__Brief__:
From the very first line of the data to the line containing "淡季的三亚真的很适合Citywalk！", retype everything exactly, leaving the pictures behind.

__Records for this exercise__:
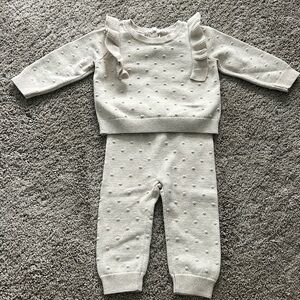 Baby GAP sweater set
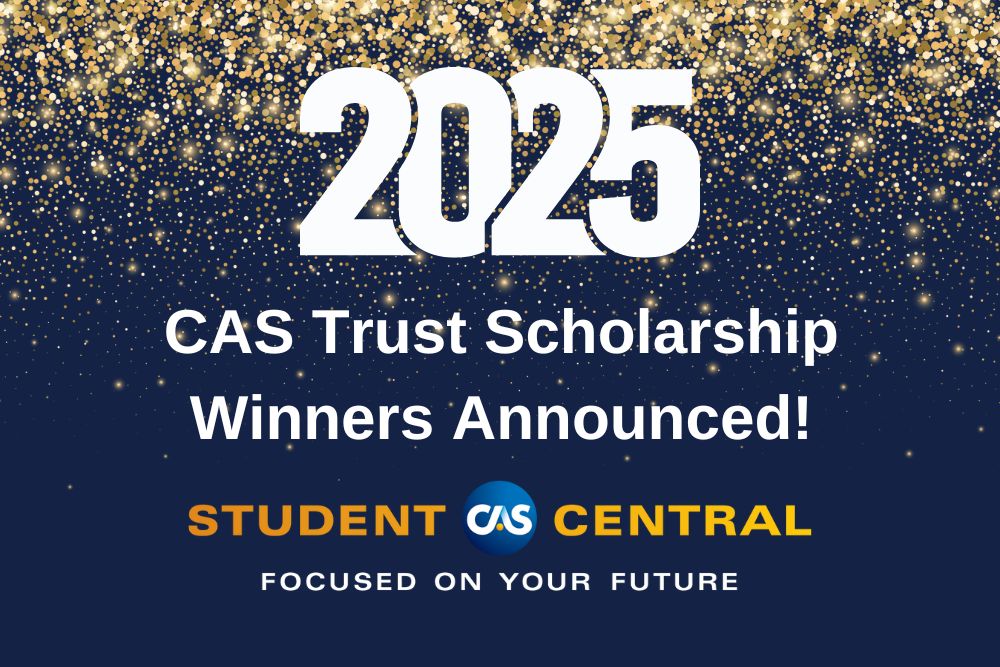 2025 Trust Scholarship Recepients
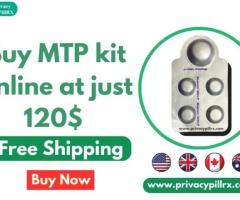 Buy mtp kit online at just 120$ with Free Shipping - Order Now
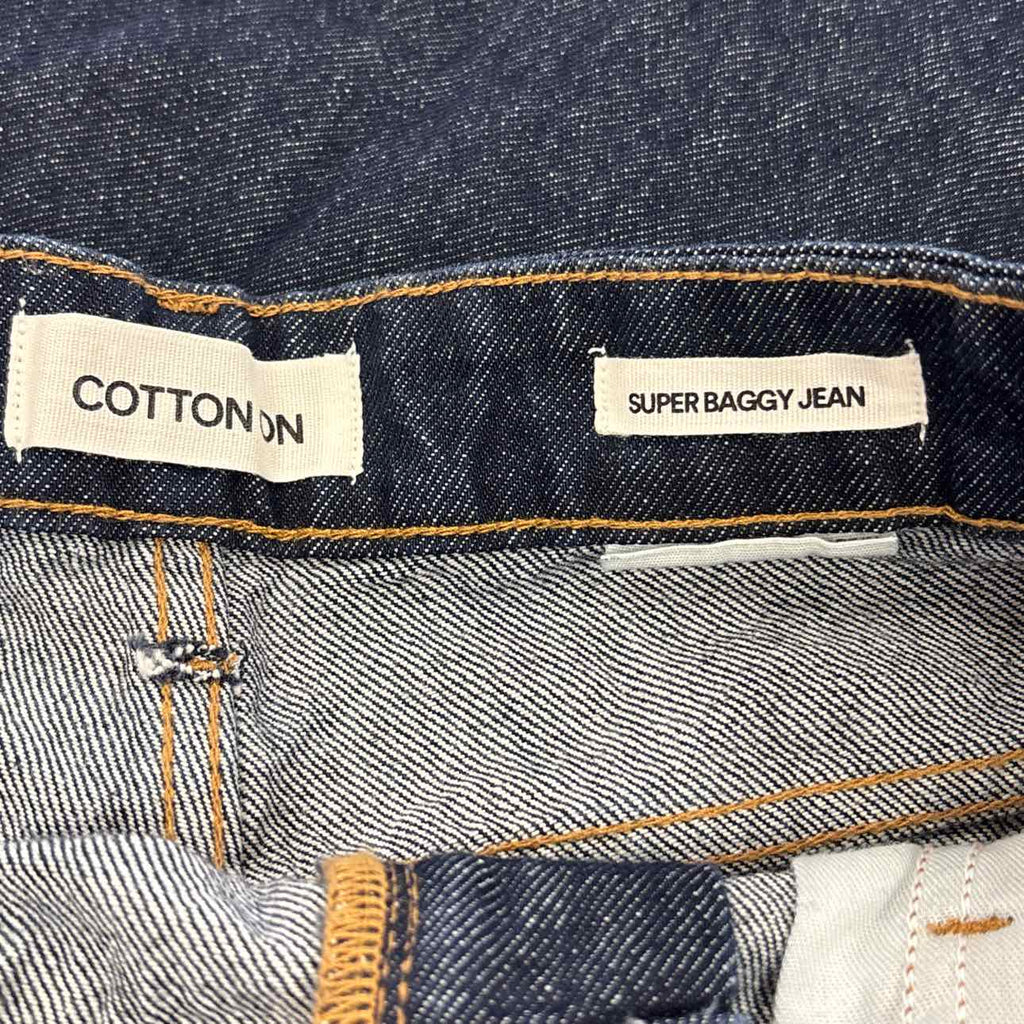 Cotton On Size 32 Men's Super Baggy Jean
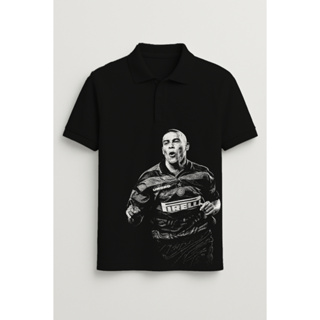 Camisa Polo Piquet Ronaldo Fenômeno Streetwear em Oferta na Shopee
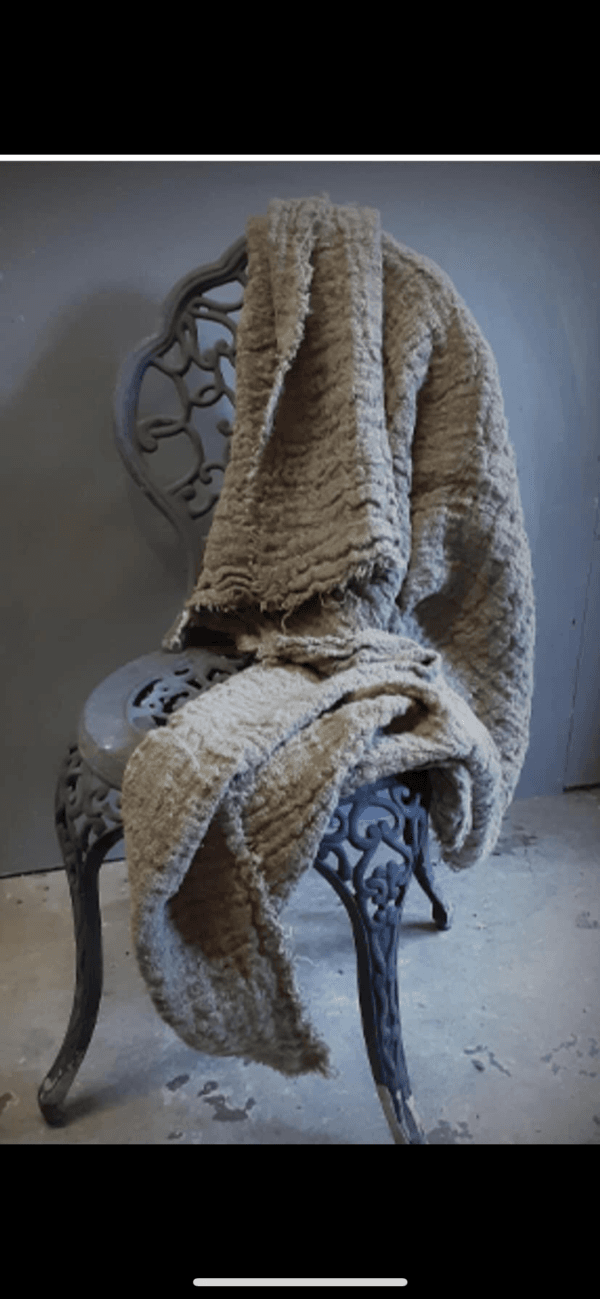 Shabby plaid middel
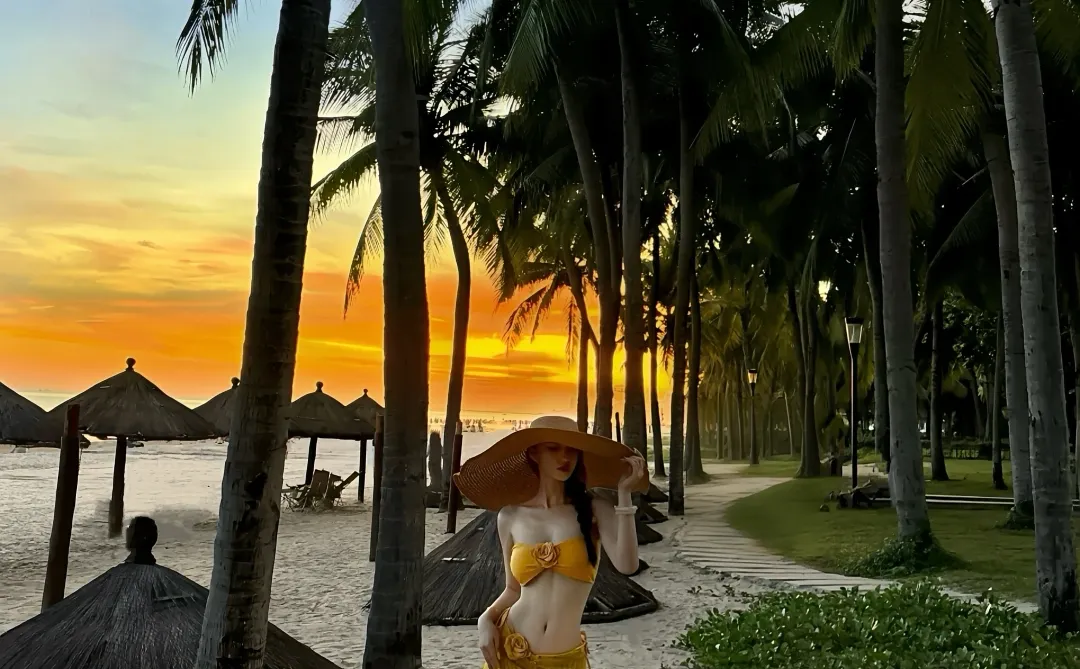 淡季的三亚真的很适合Citywalk！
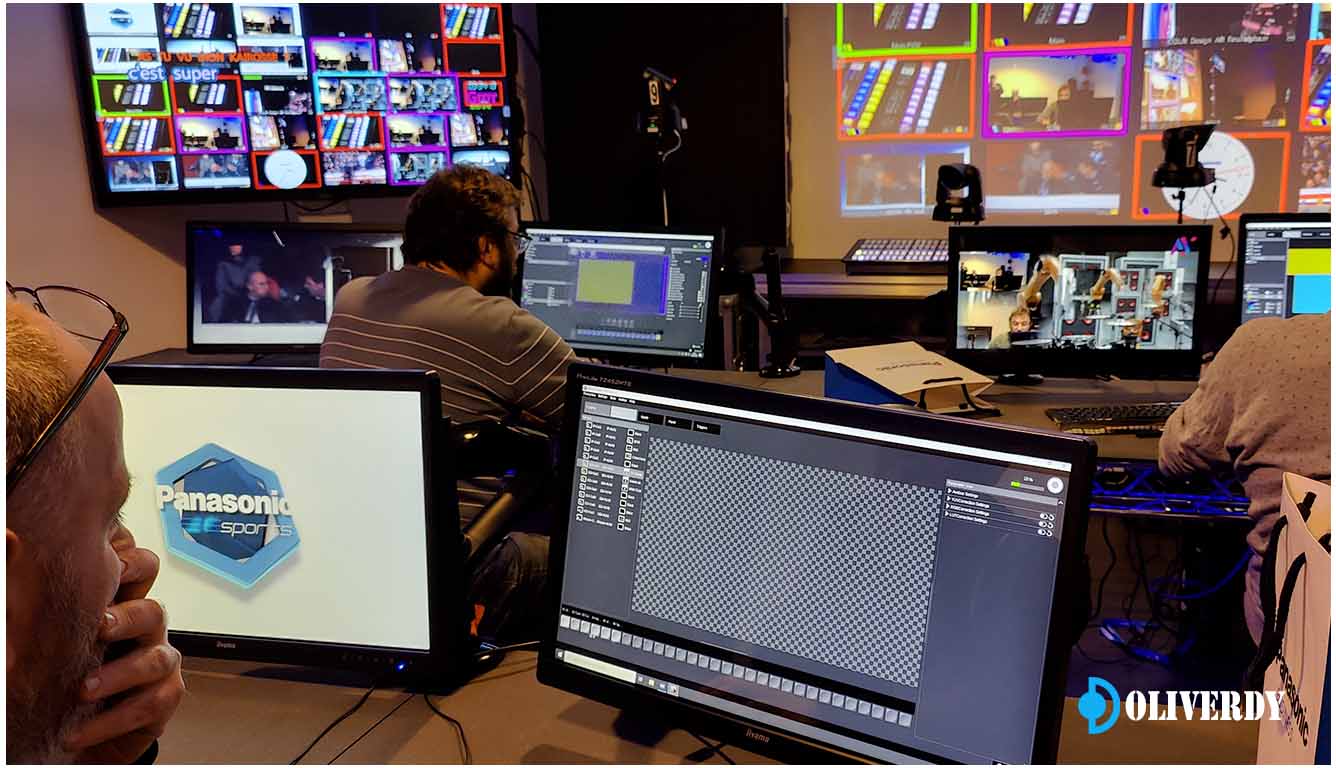 Formation professionnelle en direct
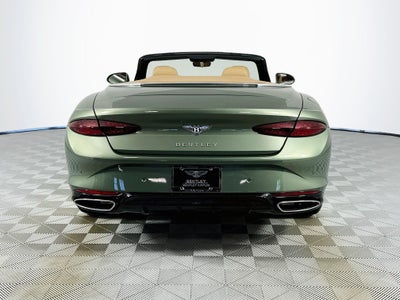 2026 Bentley Continental GTC Azure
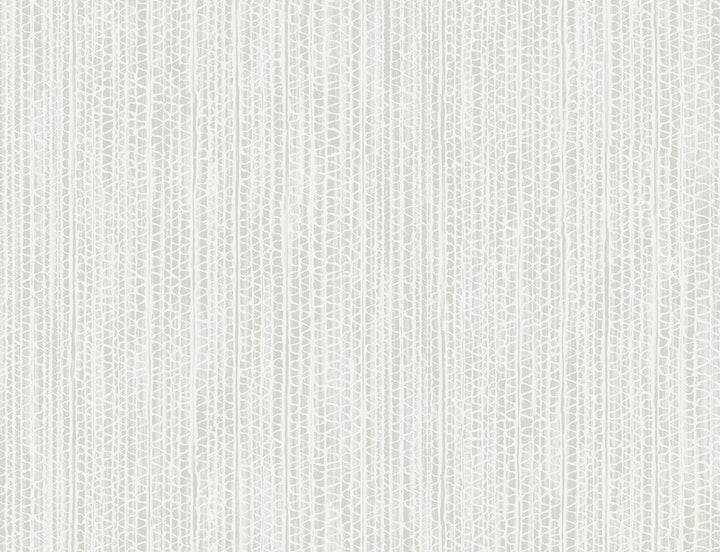 Cardboard Faux Metallic Pearl and Heather Gray by Seabrook Wallpaper Living with Art United States 60.53 20.87" 27" - Fabric Carolina -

__Result for this exercise__:
 Baby GAP sweater set
 2025 Trust Scholarship Recepients
 Buy mtp kit online at just 120$ with Free Shipping - Order Now
 Cotton On Size 32 Men's Super Baggy Jean
 Camisa Polo Piquet Ronaldo Fenômeno Streetwear em Oferta na Shopee
 Shabby plaid middel
 淡季的三亚真的很适合Citywalk！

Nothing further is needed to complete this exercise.